▶ **WORK ORDER**
If a record holds a picture, please leave the picture out and copy the rest of the record exactly.

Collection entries
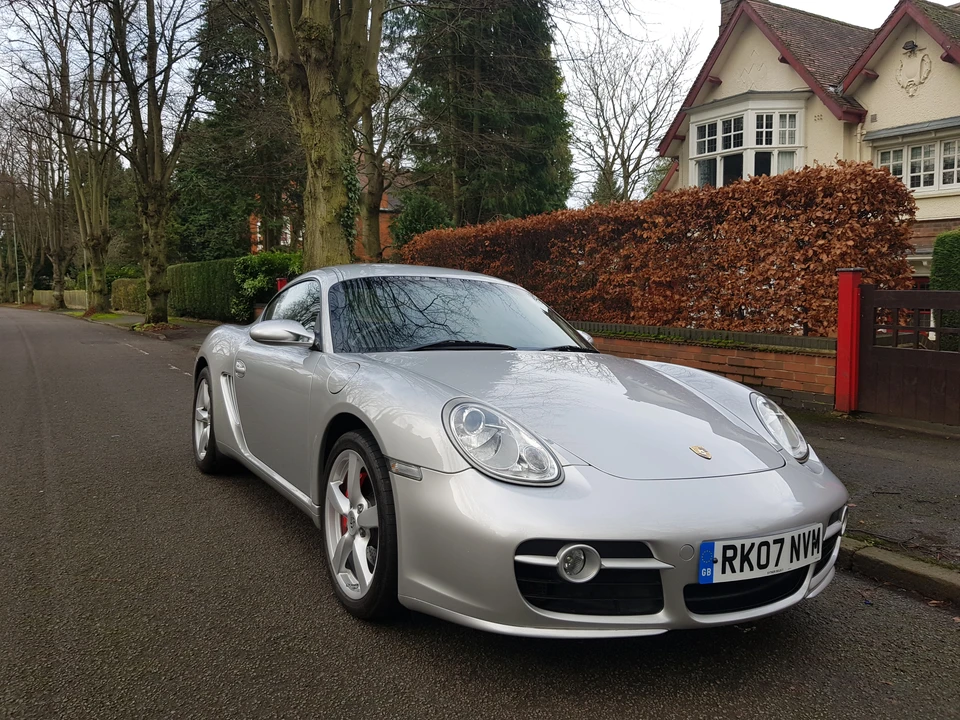 2007 Porsche 987 Cayman S - Image 3 of 31
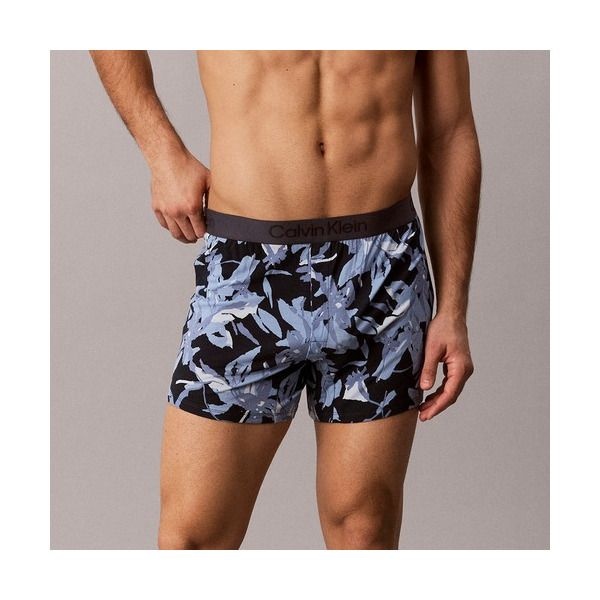 캘빈클라인 언더웨어 [캘빈클라인 언더웨어] CALVIN KLEIN UNDERWEAR NB<b>41944</b>NI 남성 울트라 소프트 모달 박서 팬티 40B1552276 NB<b>41944</b>NISCA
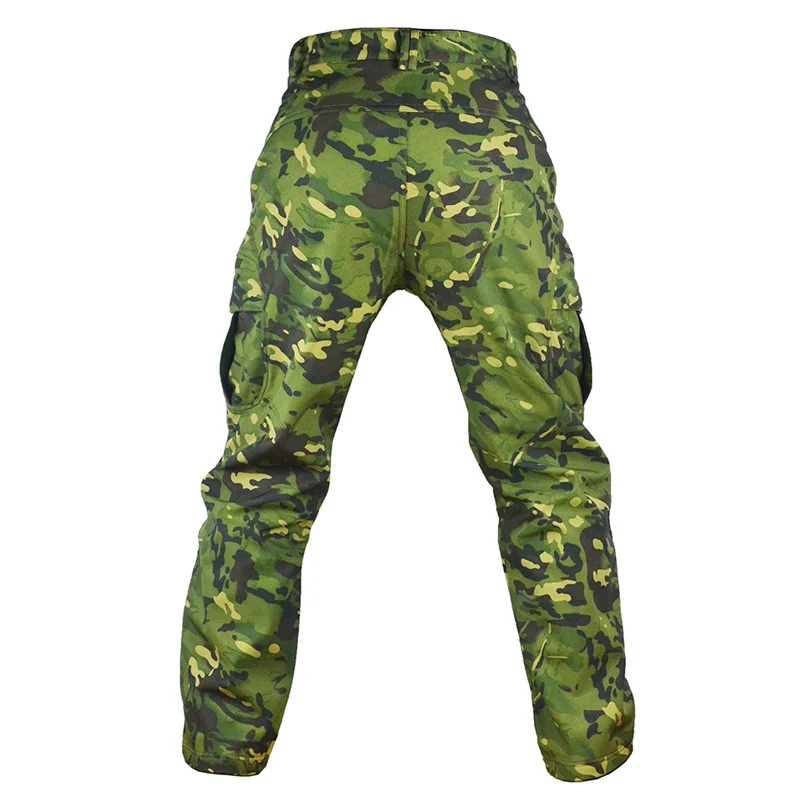 Title 3, Camouflage Tactical Charge Mountaineering Pants...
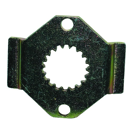 Adapter für Rückspiegel Traktor SPAFAX bruchsicher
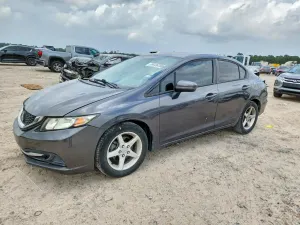 Honda Civic 1.8L 4 2014
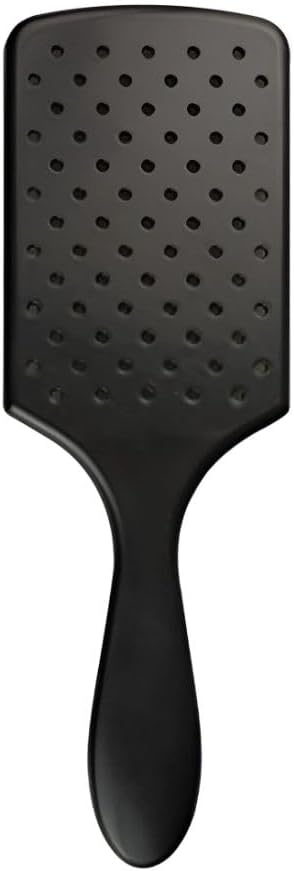 Wet Brush Paddle Detangler BrUSh Black, 1Ea, 1Count, 1 Count (Pack Of 1)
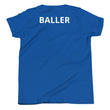 Load image into Gallery viewer, Joga Baller Youth T-Shirt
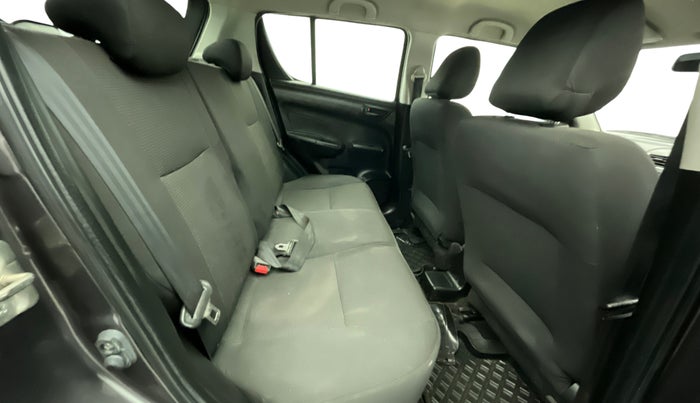 2016 Maruti Swift LXI (O), Petrol, Manual, 71,822 km, Right Side Rear Door Cabin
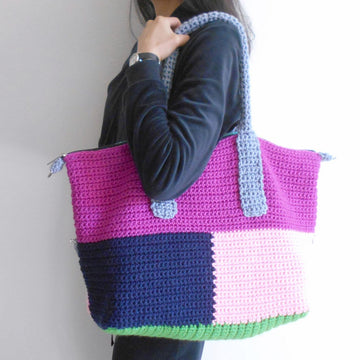 XL Quadrata Bag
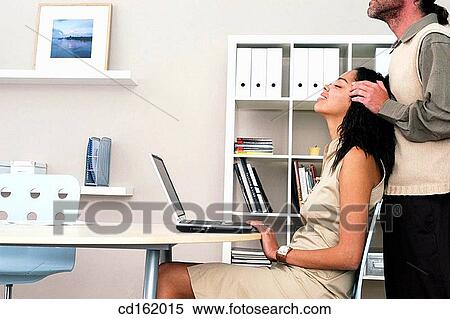Relaxing at work View Large Photo Image Stock Photography - Relaxing at work. Fotosearch
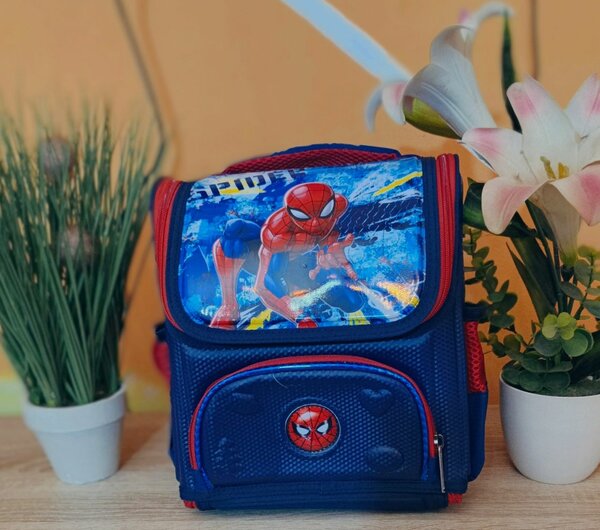 Sac à dos Spiderman cp 1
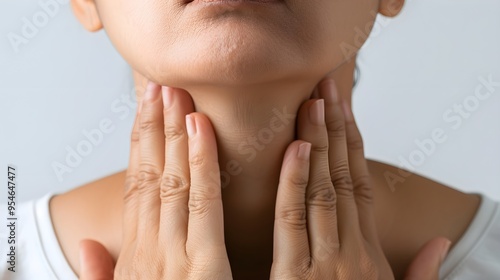Comprehensive Guide to Thyroid Gland Disorders in Women Causes Symptoms and Treatment for Swollen Neck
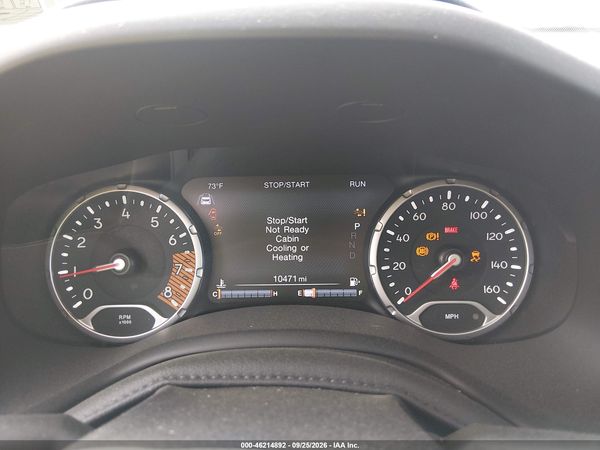 2021 JEEP RENEGADE LIMITED 4X4 — I7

▶ **RESPONSE**
 2007 Porsche 987 Cayman S - Image 3 of 31
 캘빈클라인 언더웨어 [캘빈클라인 언더웨어] CALVIN KLEIN UNDERWEAR NB<b>41944</b>NI 남성 울트라 소프트 모달 박서 팬티 40B1552276 NB<b>41944</b>NISCA
 Title 3, Camouflage Tactical Charge Mountaineering Pants...
 Adapter für Rückspiegel Traktor SPAFAX bruchsicher
 Honda Civic 1.8L 4 2014
 Wet Brush Paddle Detangler BrUSh Black, 1Ea, 1Count, 1 Count (Pack Of 1)
 Load image into Gallery viewer, Joga Baller Youth T-Shirt
 2016 Maruti Swift LXI (O), Petrol, Manual, 71,822 km, Right Side Rear Door Cabin
 XL Quadrata Bag
Relaxing at work View Large Photo Image Stock Photography - Relaxing at work. Fotosearch
 Sac à dos Spiderman cp 1
Comprehensive Guide to Thyroid Gland Disorders in Women Causes Symptoms and Treatment for Swollen Neck
 2021 JEEP RENEGADE LIMITED 4X4 — I7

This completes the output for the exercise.